# How do i stop for awhile?



## Carovina (Sep 14, 2020)

Hi everybody - I'm a very novice sailor who bought a 21' Edel 6 last fall and is looking forward to a summer of sailing the Chesapeake Bay with my 8 year old. We want to be able to sail some but also swim and just relax on board. 

We will have a few more lessons with a captain before going out with me in charge but I was hoping to do some reading and I have gotten a bit confused. Do I anchor if I just want to stop awhile? Is laying ahull dangerous in perfectly calm weather? Do I need to learn to heave-to? Can anybody help orient me?

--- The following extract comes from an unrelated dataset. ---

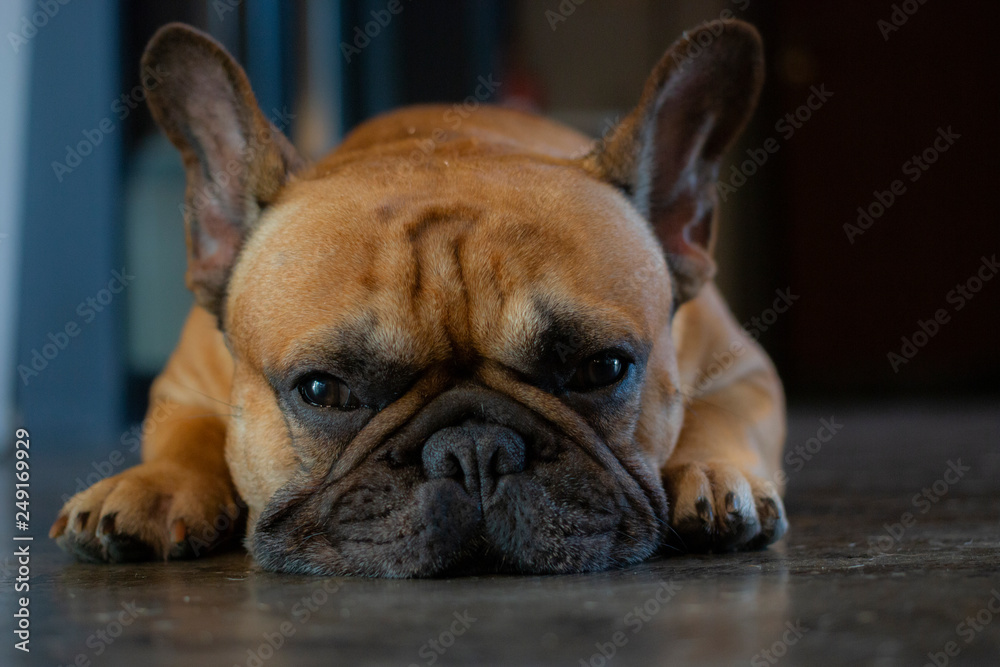 Close up of young French Bulldog  looking to the camera and laying on the floor.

I don't even know what to look up! 

Any safety tips for letting kids in the water in the Bay also appreciated. I'm not sure I'm going to let him swim yet lol. Thank you!


----------



## hpeer (May 14, 2005)

Any of the above depending upon circumstances.

Learning to heave to has other advantages and is worthwhile in and if itself. 
Nothing wrong with chucking out an anchor if it isn't too deep and you are out of the way.

Sailing is often not very rule driven, there can be a lot of latitude to do what works for you right then. And if it doesn’t then do something else.
You will make mistakes, forever. That is part of sailing, it is a continual learning experience. 
Your child will watch you struggle, and learn, and persevere. And will in turn learn to incorporate those traits into itself.

Good luck and enjoy.


----------



## Arcb (Aug 13, 2016)

For swimming I would definitely anchor with a good swim ladder deployed.

If you just want to stop to make a meal or relax for a bit you can heave to if there is some wind or chop, if conditions are fairly docile you can just take sails down/turn engine off and drift.

Swimming off an unanchored boat can be dangerous, especially with just one adult on board.


----------



## sailingfool (Apr 17, 2000)

Try this video for heaving to






Sent from my SM-G965U using Tapatalk


----------



## pdqaltair (Nov 14, 2008)

Heaving to is good to learn for eating lunch or such, but it's just about as easy to steer with your leg over the tiller. It is not a tool I use often. If I just want the boat to go straight (without steering or autohelm) I tighten the jib and let the main way out. Most boats will slowly beam reach.

Don't heave to or lower sails to swim. The boat can still sail off if the wind comes up. Anchor.

There are two Chesapeake-specific swimming hazards. Nettles. Poor visibility. If a head goes underwater, it is invisible. On the other hand, there are lots of shallow beaches you should be able to get close to in calm weather.

Have fun!


----------



## Quickstep192 (Jan 6, 2001)

A good swim ladder is a must. I used to have a boat with freeboard low enough that I could just pull myself up from the water. I took my girlfriend out for a sail and we anchored to swim. It was then that I discovered the importance of the swim ladder. She couldn’t get back on. I had to move the boat to shallower water while she held on. Luckily it was a shallow draft centerboarder.


----------



## Minnewaska (Feb 21, 2010)

I’ll triple down on the advice to anchor, when swimming. There are ample stories of folks jumping in for a swim and forgetting to deploy their ladder. With short handed crew, you want a definitive way to be able to deploy the ladder, from the water. You may also install an emergency ladder, for this purpose.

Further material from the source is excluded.